Cerita pendidikan Indonesia hari ini adalah cerita tentang ruang kelas yang masih membutuhkan perhatian, tentang anak-anak yang semangatnya tak kunjung padam, tentang guru yang terus berjuang, serta tentang sebuah negara besar yang berupaya menghadirkan akses pendidikan yang adil bagi semua.

Ruang Kelas antara Optimisme dan Kekurangan

Ruang kelas adalah jantung sekolah, tempat ribuan ide baru dimulai setiap hari. Pada tahun ajaran 2024/2025 jumlah sekolah di seluruh jenjang pendidikan kembali meningkat. SD bertambah ratusan, SMP bertambah lebih banyak lagi, dan SMA serta SMK pun mengalami kenaikan, meski tidak sebesar jenjang lainnya. Ini seperti membuka pintu baru bagi anak-anak yang tinggal jauh dari pusat kota.

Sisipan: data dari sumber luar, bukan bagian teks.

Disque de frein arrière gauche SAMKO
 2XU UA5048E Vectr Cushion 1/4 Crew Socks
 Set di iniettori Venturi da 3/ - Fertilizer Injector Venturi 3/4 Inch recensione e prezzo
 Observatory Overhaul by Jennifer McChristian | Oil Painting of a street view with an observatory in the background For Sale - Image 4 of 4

Namun peningkatan jumlah sekolah belum memastikan kualitas ruang belajar di dalamnya. Data menunjukkan bahwa pada jenjang SD, hanya sekitar 39 persen ruang kelas yang berada dalam kondisi baik. Artinya, enam dari sepuluh ruang belajar masih masuk dalam kategori rusak ringan hingga rusak berat. Pada tingkat SMP dan SMA kondisinya lebih baik, tetapi tetap menyisakan ruang perbaikan.

Kondisi terbaik justru terlihat di SMK. Hanya sekitar 3–4 persen ruang kelas mereka yang tergolong rusak berat. Bandingkan dengan SD yang hampir tiga kali lipat lebih tinggi. Jika SD adalah fondasi pendidikan, maka kualitas ruang kelas yang buruk pada jenjang ini seperti membangun rumah di atas tanah yang belum dipadatkan.

Di banyak daerah, anak-anak masih belajar di ruangan yang catnya mengelupas, lantainya retak, atau atapnya bocor. Bagi sebagian dari kita hal ini terdengar seperti masalah kecil, tetapi bagi anak yang harus belajar sambil menghindari tetesan air hujan atau menulis di meja reyot, kualitas pendidikan berkurang jauh sebelum materi pelajaran diberikan.

Sanitasi yang Masih Jadi PR Dasar

Fasilitas sanitasi mungkin tidak sering muncul dalam diskusi pendidikan, tetapi bagi jutaan murid, ini menentukan kenyamanan dan kesehatan mereka. Mayoritas sekolah memang telah memiliki sumber air yang cukup, tetapi masih ada sekitar 1–2 persen yang tidak memiliki akses air sama sekali. Jumlah itu tampak kecil, tetapi ketika diterjemahkan ke angka nasional, berarti ada ribuan sekolah yang anak-anaknya harus belajar tanpa fasilitas dasar.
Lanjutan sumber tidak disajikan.